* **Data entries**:
■ ■ ■

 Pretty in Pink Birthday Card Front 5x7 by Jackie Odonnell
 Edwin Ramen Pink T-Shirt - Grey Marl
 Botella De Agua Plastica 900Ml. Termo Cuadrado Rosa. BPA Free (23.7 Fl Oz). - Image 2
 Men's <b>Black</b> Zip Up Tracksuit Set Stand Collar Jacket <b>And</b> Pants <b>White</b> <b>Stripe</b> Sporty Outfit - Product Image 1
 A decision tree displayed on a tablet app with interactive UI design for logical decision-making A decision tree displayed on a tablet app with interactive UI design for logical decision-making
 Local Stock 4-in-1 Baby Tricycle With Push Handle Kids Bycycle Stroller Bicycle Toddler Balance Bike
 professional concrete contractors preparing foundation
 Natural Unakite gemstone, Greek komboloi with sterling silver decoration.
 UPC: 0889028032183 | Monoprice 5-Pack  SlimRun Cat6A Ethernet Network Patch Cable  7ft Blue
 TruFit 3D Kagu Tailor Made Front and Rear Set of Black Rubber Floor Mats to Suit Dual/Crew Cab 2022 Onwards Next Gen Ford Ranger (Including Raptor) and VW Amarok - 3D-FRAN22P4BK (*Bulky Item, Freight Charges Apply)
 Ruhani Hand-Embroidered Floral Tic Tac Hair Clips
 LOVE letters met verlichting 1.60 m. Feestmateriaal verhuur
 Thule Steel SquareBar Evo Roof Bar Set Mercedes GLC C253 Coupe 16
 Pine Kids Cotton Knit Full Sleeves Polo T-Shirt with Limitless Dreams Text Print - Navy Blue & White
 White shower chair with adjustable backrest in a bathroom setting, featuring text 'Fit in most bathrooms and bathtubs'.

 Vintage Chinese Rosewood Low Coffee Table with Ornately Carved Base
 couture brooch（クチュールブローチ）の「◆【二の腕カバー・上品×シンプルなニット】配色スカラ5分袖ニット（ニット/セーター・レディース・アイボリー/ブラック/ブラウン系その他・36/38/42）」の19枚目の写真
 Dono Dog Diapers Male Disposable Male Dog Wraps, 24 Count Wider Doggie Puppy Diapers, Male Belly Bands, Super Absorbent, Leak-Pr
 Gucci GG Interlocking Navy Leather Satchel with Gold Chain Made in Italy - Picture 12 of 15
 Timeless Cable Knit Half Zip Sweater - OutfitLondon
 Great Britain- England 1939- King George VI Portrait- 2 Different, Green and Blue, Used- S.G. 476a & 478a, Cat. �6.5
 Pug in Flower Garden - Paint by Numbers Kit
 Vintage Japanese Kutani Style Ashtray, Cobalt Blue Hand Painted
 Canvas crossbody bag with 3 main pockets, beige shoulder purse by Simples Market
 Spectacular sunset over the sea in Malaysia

■ ■ ■

* **WHAT IS BEING ASKED**: What's wanted is each line above, transcribed with nothing altered.

* **COMPLETED EXERCISE**:
 Pretty in Pink Birthday Card Front 5x7 by Jackie Odonnell
 Edwin Ramen Pink T-Shirt - Grey Marl
 Botella De Agua Plastica 900Ml. Termo Cuadrado Rosa. BPA Free (23.7 Fl Oz). - Image 2
 Men's <b>Black</b> Zip Up Tracksuit Set Stand Collar Jacket <b>And</b> Pants <b>White</b> <b>Stripe</b> Sporty Outfit - Product Image 1
 A decision tree displayed on a tablet app with interactive UI design for logical decision-making A decision tree displayed on a tablet app with interactive UI design for logical decision-making
 Local Stock 4-in-1 Baby Tricycle With Push Handle Kids Bycycle Stroller Bicycle Toddler Balance Bike
 professional concrete contractors preparing foundation
 Natural Unakite gemstone, Greek komboloi with sterling silver decoration.
 UPC: 0889028032183 | Monoprice 5-Pack  SlimRun Cat6A Ethernet Network Patch Cable  7ft Blue
 TruFit 3D Kagu Tailor Made Front and Rear Set of Black Rubber Floor Mats to Suit Dual/Crew Cab 2022 Onwards Next Gen Ford Ranger (Including Raptor) and VW Amarok - 3D-FRAN22P4BK (*Bulky Item, Freight Charges Apply)
 Ruhani Hand-Embroidered Floral Tic Tac Hair Clips
 LOVE letters met verlichting 1.60 m. Feestmateriaal verhuur
 Thule Steel SquareBar Evo Roof Bar Set Mercedes GLC C253 Coupe 16
 Pine Kids Cotton Knit Full Sleeves Polo T-Shirt with Limitless Dreams Text Print - Navy Blue & White
 White shower chair with adjustable backrest in a bathroom setting, featuring text 'Fit in most bathrooms and bathtubs'.

 Vintage Chinese Rosewood Low Coffee Table with Ornately Carved Base
 couture brooch（クチュールブローチ）の「◆【二の腕カバー・上品×シンプルなニット】配色スカラ5分袖ニット（ニット/セーター・レディース・アイボリー/ブラック/ブラウン系その他・36/38/42）」の19枚目の写真
 Dono Dog Diapers Male Disposable Male Dog Wraps, 24 Count Wider Doggie Puppy Diapers, Male Belly Bands, Super Absorbent, Leak-Pr
 Gucci GG Interlocking Navy Leather Satchel with Gold Chain Made in Italy - Picture 12 of 15
 Timeless Cable Knit Half Zip Sweater - OutfitLondon
 Great Britain- England 1939- King George VI Portrait- 2 Different, Green and Blue, Used- S.G. 476a & 478a, Cat. �6.5
 Pug in Flower Garden - Paint by Numbers Kit
 Vintage Japanese Kutani Style Ashtray, Cobalt Blue Hand Painted
 Canvas crossbody bag with 3 main pockets, beige shoulder purse by Simples Market
 Spectacular sunset over the sea in Malaysia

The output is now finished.